• [REQUIRED WORK] Strip out the pictures and transcribe the records that follow exactly.

• [DATA FOR THIS TASK]
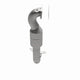 California Grade CARB Compliant Direct-Fit Catalytic Converter <br>11-12 Mini Cooper 1.6L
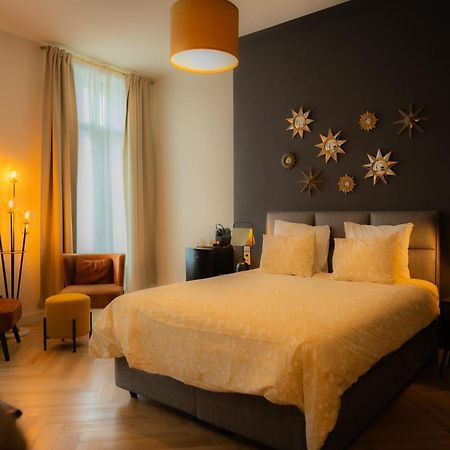 Hotel Grand Place Mons Exterior photo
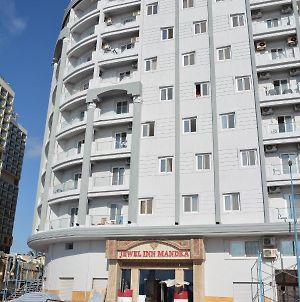 Jewel Mandara Apartments Alexandrie Exterior photo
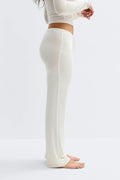 Low waist loungewear trousers - Falcon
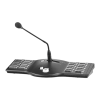 Microphone system Logo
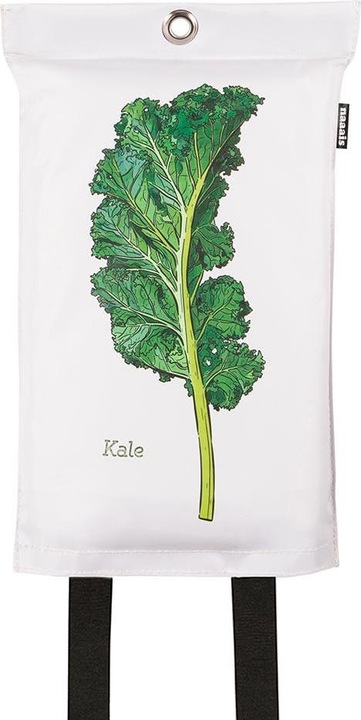 Immagine prodotto Naaais Coperta del fuoco Kale 120 cm x 180 cm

• [ANSWER TO THIS TASK]
 California Grade CARB Compliant Direct-Fit Catalytic Converter <br>11-12 Mini Cooper 1.6L
 Hotel Grand Place Mons Exterior photo
 Jewel Mandara Apartments Alexandrie Exterior photo
 Low waist loungewear trousers - Falcon
 Microphone system Logo
 Immagine prodotto Naaais Coperta del fuoco Kale 120 cm x 180 cm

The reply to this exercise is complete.